J Med Chem. 2008 Nov 13;51(21):6646-9. doi: 10.1021/jm8008508.

Martin R Tremblay ¹, Marta Nevalainen, Somarajan J Nair, James R Porter, Alfredo C Castro, Mark L Behnke, Lin-Chen Yu, Margit Hagel, Kerry White, Kerrie Faia, Louis Grenier, Matthew J Campbell, Jill Cushing, Caroline N Woodward, Jennifer Hoyt, Michael A Foley, Margaret A Read, Jens R Sydor, Jeffrey K Tong, Vito J Palombella, Karen McGovern, Julian Adams

Affiliations

Affiliation

1 Infinity Pharmaceuticals, Inc., 780 Memorial Drive, Cambridge, Massachusetts 02139, USA. Martin.Tremblay@infi.com

PMID: 18842035 DOI: 10.1021/jm8008508

Abstract

Herein is reported the synthesis of a novel class of Hedgehog antagonists derived from cyclopamine.
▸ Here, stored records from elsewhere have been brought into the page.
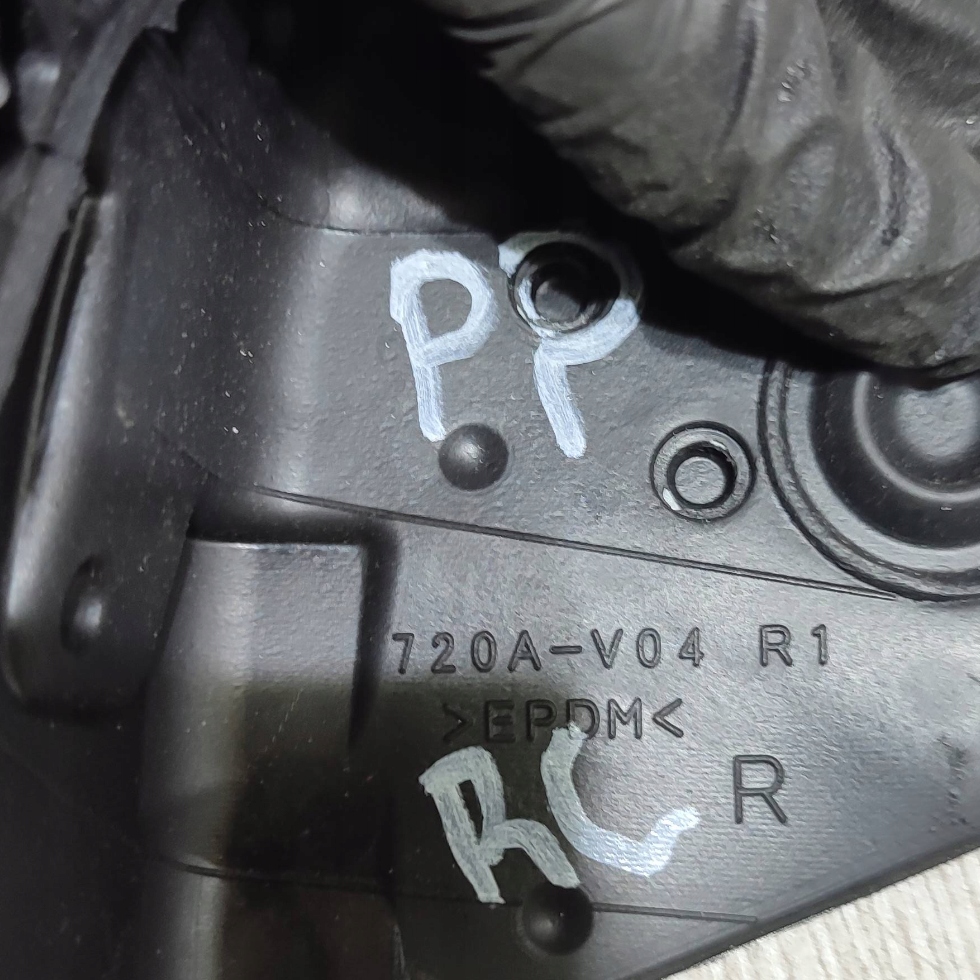 Lexus RC 2019 front side right rubber gasket door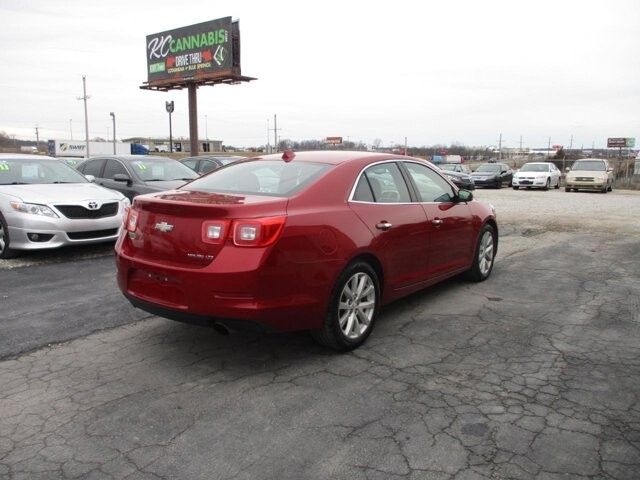 2013 Chevrolet Malibu in Oak Grove, MO 64075 - 18107164 5
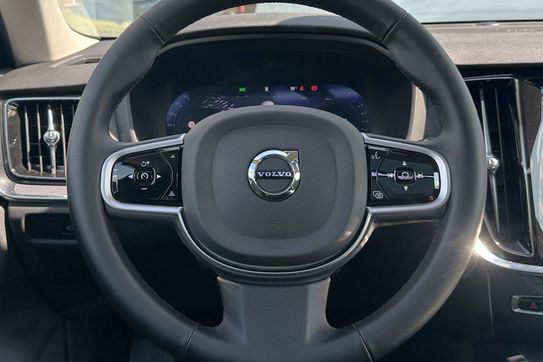 Volvo V60 B4 B Plus Dark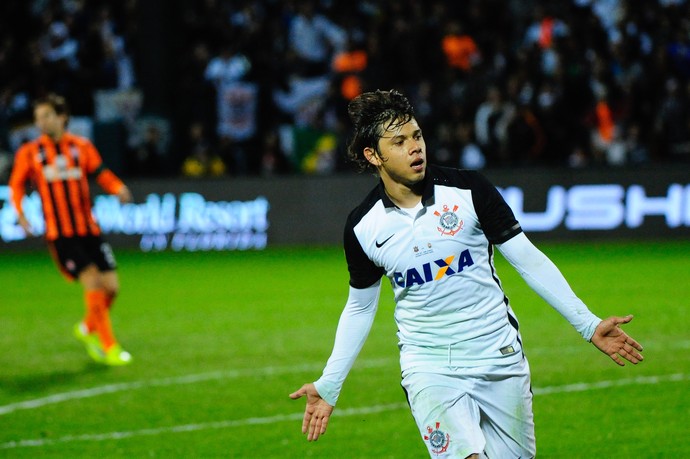 Com dois gols de Romero, Corinthians bate o Shakhtar na 1ª vitória do ano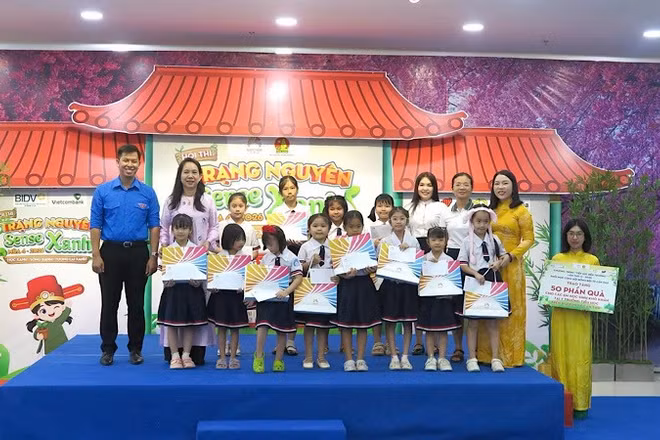 Đoàn phường Ninh Kiều tổ chức hội thi trạng nguyên và tặng quà các em học sinh dịp hè.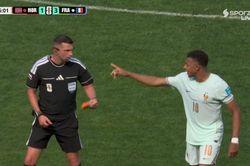 Khoảnh khắc Mbappe 'chỉ đạo' trọng t&agrave;i g&acirc;y b&atilde;o mạng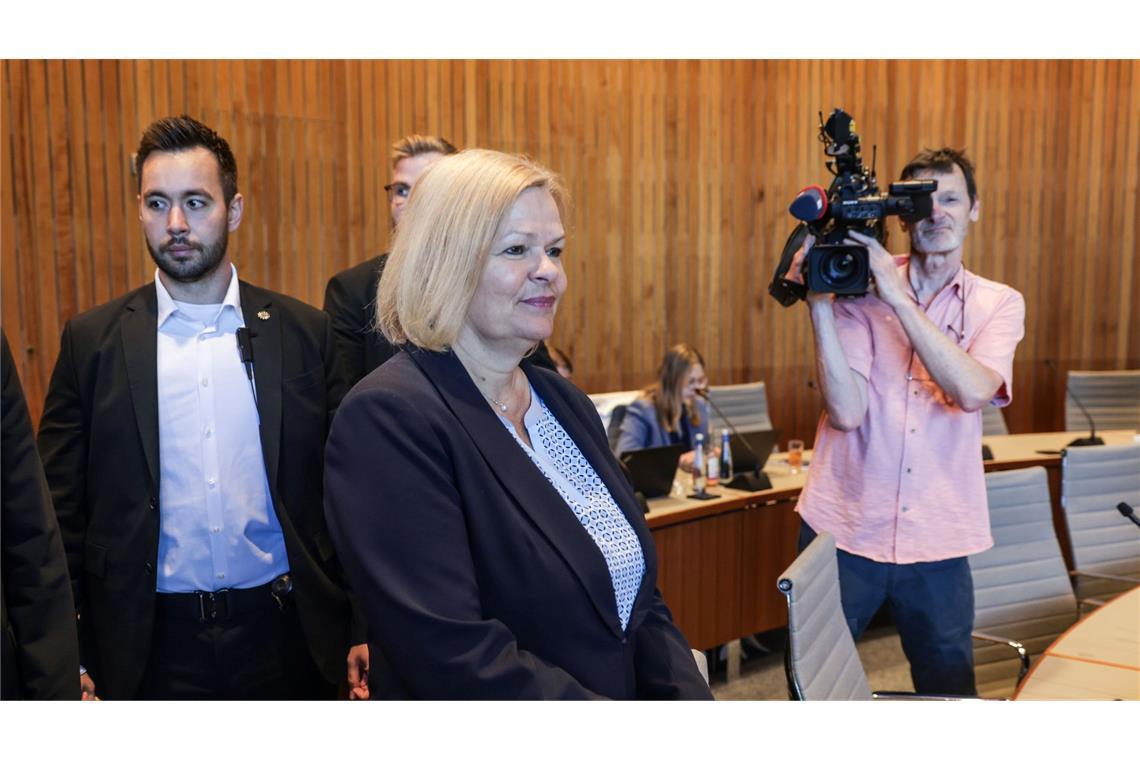 Faeser zu Solingen-Attentat: Keine Versäumnisse beim BAMF Die ehemalige Bundesinnenministerin Nancy Faeser (SPD) steht im Untersuchungsausschuss des nordrhein-westfälischen Landtags zum Terror-Anschlag von Solingen Rede und Antwort.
The acid sensitive D-ring of cyclopamine was homologated utilizing a sequence of chemoselective cyclopropanation and stereoselective acid-catalyzed rearrangement. Further modification of the A/B-ring homoallylic alcohol to the conjugated ketone led to the discovery of new cyclopamine analogues with improved pharmaceutical properties and in vitro potency (EC 50) ranging from 10 to 1000 nM.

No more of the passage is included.